I only have stats for accepted mail, not for invalid recipients, RBL
rejects (apologies to gnu at toad.com), and so on. Of the accepted mail in
the sample, TLS accounts for 15212 out of 144843 messages or 10.5%. So TLS
is not uncommon (volume weighted) among email senders. Email encryption
is mostly opportunistic: peer verification is the exception rather
than the norm. For example, Sendmail.com's certificate is self-signed
and the CN (tls.sendmail.com) does not match the name of the MX host
(smtp.sendmail.com).

    $ host -t mx sendmail.com
    sendmail.com mail is handled by 50 righton.sendmail.com.
    sendmail.com mail is handled by 10 smtp.sendmail.com.

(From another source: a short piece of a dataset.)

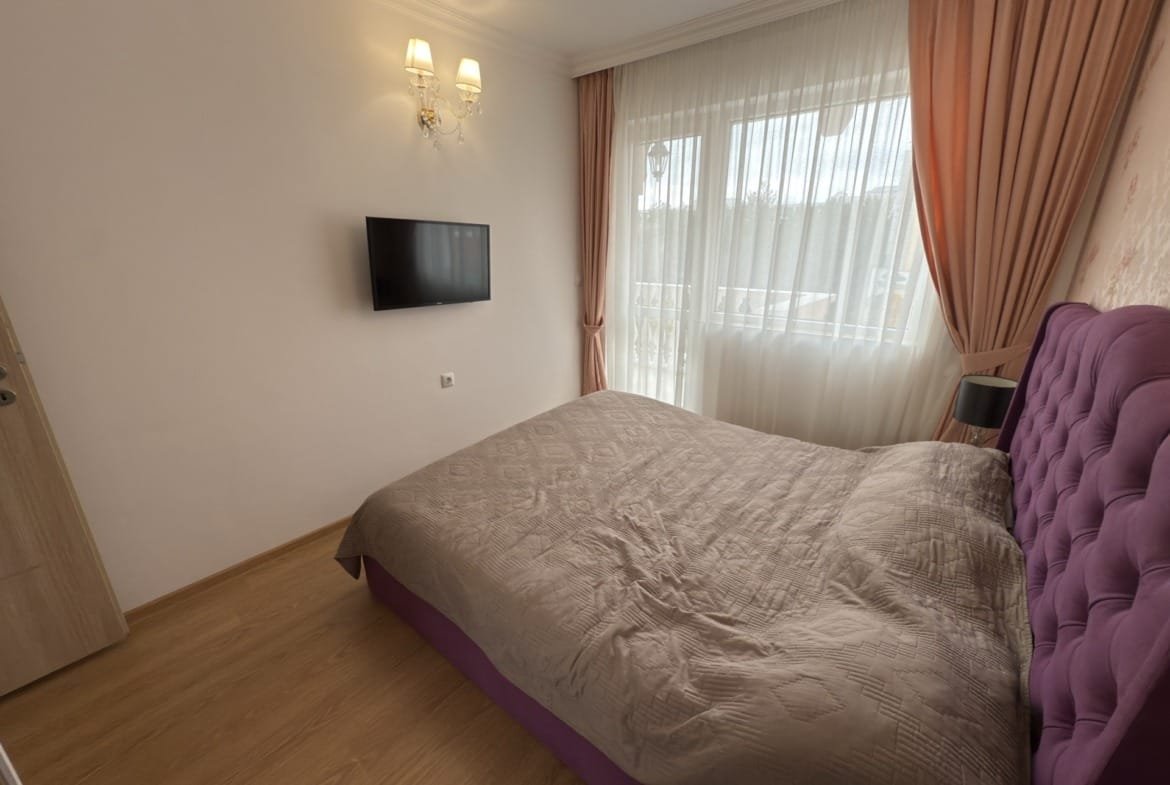 Современная спальня с серо-розовым текстильным оформлением, телевизором на стене и ярким натуральным светом.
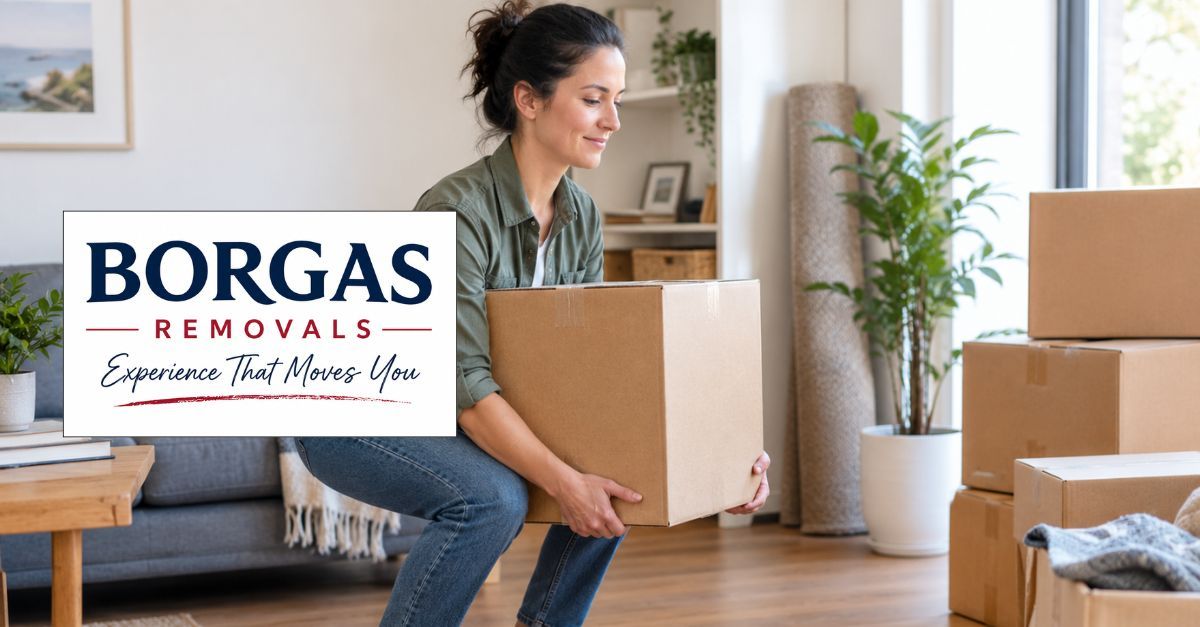 Homeowner lifting a moving box with bent knees while preparing household belongings for removal.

    $ openssl s_client -starttls smtp -quiet -verify 3 \
    	-CAfile /etc/postfix/serverCAs.pem \
	-connect smtp.sendmail.com:25
    verify depth is 3
    depth=1 /C=US/ST=California/L=Emeryville/O=Sendmail, Inc./OU=IT/CN=Sendmail Certification Officer/emailAddress=rootca at sendmail.com
    verify error:num=19:self signed certificate in certificate chain
    verify return:1
    depth=1 /C=US/ST=California/L=Emeryville/O=Sendmail, Inc./OU=IT/CN=Sendmail Certification Officer/emailAddress=rootca at sendmail.com
    verify return:1
    depth=0 /C=US/ST=California/L=Emeryville/O=Sendmail, Inc./OU=IT/CN=tls.sendmail.com/emailAddress=postmaster at sendmail.com
    verify return:1
    220 foon.sendmail.com ESMTP Sendmail Switch-3.1.7/Switch-3.1.7; Tue, 30 Nov 2004 19:44:59 -0800

This is not surprising. Since MX lookups are not protected by any
cryptographic mechanism, sites that want to exchange email securely
with the *right* TLS peer need to bypass MX lookups and hardcode each
other's MX hosts in their mailer (aka transport) tables, otherwise peer
verification is largely useless, anyone who can redirect the SMTP stream
can also redirect the DNS queries (or did the former via the latter).